HUKUKİ DEĞERLENDİRME:
6458 sayılı Kanun'un 35., 36. ve 37. maddelerinin yukarıda yer verilen hükümleri birlikte değerlendiriliğinde; yabancıların sırf aile ikamet izni almak amacıyla anlaşmalı evlilik yapıp yapmadığı hususunun valiliklerce araştırılacağı, bu araştırma sonucunda anlaşmalı evlilik yaptığı tespit edilen yabancılara aile ikamet izni verilmeyeceği ve verilmişse de iptal edileceği düzenlemelerine yer verildiği görüldüğünden, idarece evliliğin anlaşmalı bir evlilik olduğu hususunun tespit edilmesi üzerine bu sebeple işlem tesis edilmesinde hukuki bir engel bulunmadığı anlaşılmakla birlikte, evliliğin anlaşmalı bir evlilik olduğu hususundaki tespitin somut bilgi ve belgelere dayalı olması gerektiği de açıktır.
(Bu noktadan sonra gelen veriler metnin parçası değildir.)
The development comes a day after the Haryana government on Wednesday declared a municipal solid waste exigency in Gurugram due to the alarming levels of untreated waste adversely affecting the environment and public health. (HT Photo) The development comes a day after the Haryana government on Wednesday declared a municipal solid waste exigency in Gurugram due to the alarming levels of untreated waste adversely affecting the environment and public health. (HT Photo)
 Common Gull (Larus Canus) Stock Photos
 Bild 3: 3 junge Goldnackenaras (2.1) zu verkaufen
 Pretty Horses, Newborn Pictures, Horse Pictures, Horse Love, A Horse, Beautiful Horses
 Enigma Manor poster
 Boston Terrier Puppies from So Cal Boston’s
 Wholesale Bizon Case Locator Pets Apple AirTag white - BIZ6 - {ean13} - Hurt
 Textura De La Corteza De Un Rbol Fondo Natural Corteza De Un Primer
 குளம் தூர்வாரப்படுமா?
Uyuşmazlıkta; dosya içerisinde yer alan davacının Türk vatandaşı ile yapmış olduğu evliliğe yönelik tahkikat sonucu hazırlanan 26/08/2015 tarihli tutanakta; davacının ve eşinin ikamet adresi olarak beyan edilen adreste bulunamadığı, söz konusu adreste bulunan komşuları tarafından ise davacıyı tanıdıkları ancak Türk vatandaşı eşi tanımadıkları, davacı ve eşinin evlilikle ilgili ayrı ayrı mülakatlarında sorulan benzer sorulara tutarsız ve çelişkili cevaplar verdikleri hususlarının tespit edilmesinin ardından bu tutanak esas alınarak dava konusu işlemin tesis edildiği anlaşılmakla birlikte; davacı tarafından dava dilekçesi içeriğinde, yaz aylarında eşi ile birlikte eşinin memleketi olan Ordu ilinde yaşadığının belirtildiği, anılan tutanağın ise İstanbul İl Emniyet Müdürlüğü İkamet Büro Amirliği ekiplerince Ağustos ayında düzenlendiği dikkate alındığında; yeterli bir araştırma yapılmaksızın dava konusu işlemin tesis edildiği ve davalı idare tarafından anılan tutanakta yer verilen tespitleri somutlaştıracak herhangi bir bilgi ve belgenin de dosyaya sunulmadığı görülmektedir.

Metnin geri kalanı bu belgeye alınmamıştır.